Lorro was originally my housemate Charles’ pet, but he had a way of losing interest in his whims and wound up giving me the bird, so to speak. It proved to be very little work being a parrot-master as long as I kept the food coming, and she was pleasant company hanging around on her cage in the parlor in the round bay by our ancient (unplayable) Bechstein piano. Lorro had a penchant for talking to herself.
According to Charles, she was raised in a simple Mexican family, which made sense because Lorro had a whole routine of a crying baby and a concerned mother trying to calm it with a lullaby (in Spanish). In addition, she’d sing snatches of Mexican revolutionary songs apparently learned from the radio. Over time the lyrics got a bit garbled.

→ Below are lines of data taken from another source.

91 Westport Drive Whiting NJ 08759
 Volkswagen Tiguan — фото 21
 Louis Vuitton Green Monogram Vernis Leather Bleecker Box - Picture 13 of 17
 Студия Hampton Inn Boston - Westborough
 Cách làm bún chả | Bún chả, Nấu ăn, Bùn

I guess my voice was too low for Lorro to care for, but she quickly learned to laugh (giggle) just like me. It was weird to be in the dining room and hear myself burst into peals of laughter in the parlor. She also had an unnerving talent for mimicking the veritable symphony of sirens one heard every night there in our epicenter of the slum, now epicenter of chic. She was right on key doing the sirens of the police, fire-engines, and ambulances, and with my laughter mixed in, it sounded rather mad.
Unfortunately, Lorro was a bit developmentally disabled. For some reason she never grew true flight feathers in her wings, and what tried to grow, she assiduously pulled out. Vets said there was nothing we could do… That’s why she just hung around on her cage, singing, laughing, and blaring her sirens. Sometimes I’d take her out riding on my bicycle: As we rolled down the avenue, she’d sit on the basket and flap her stubby wings, shrieking at the top of her lungs.

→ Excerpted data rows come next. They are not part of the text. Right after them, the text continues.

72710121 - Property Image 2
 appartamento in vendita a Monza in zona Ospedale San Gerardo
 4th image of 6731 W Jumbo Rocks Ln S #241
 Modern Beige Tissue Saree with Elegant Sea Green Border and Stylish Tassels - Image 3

I think it was the fall of 1979 when Charles went on an extended trip round the ruins of Guatemala. While he was away, I got up one morning to find Lorro lying on the parlor floor as dead as a doornail. Assuming she’d had a heart attack or some such, I mourned and tried to figure out what to do with her corpse till Charles’ return from the jungles (which, by the way, played a large role in his manic “nervous breakdown” that winter).
The solution I came up with was to wrap her gently in plastic wrap and put her in the freezer. To be thorough, I also put the book on parrot care in there with her. When Charles got back, he didn’t want to deal with funerals and anyway quickly proceeded to lose his mind. Over the next year we wound up having to sell the Four Belles, and the new owners inherited a frozen parrot and book on parrot care. I often wonder what they thought when they opened that freezer.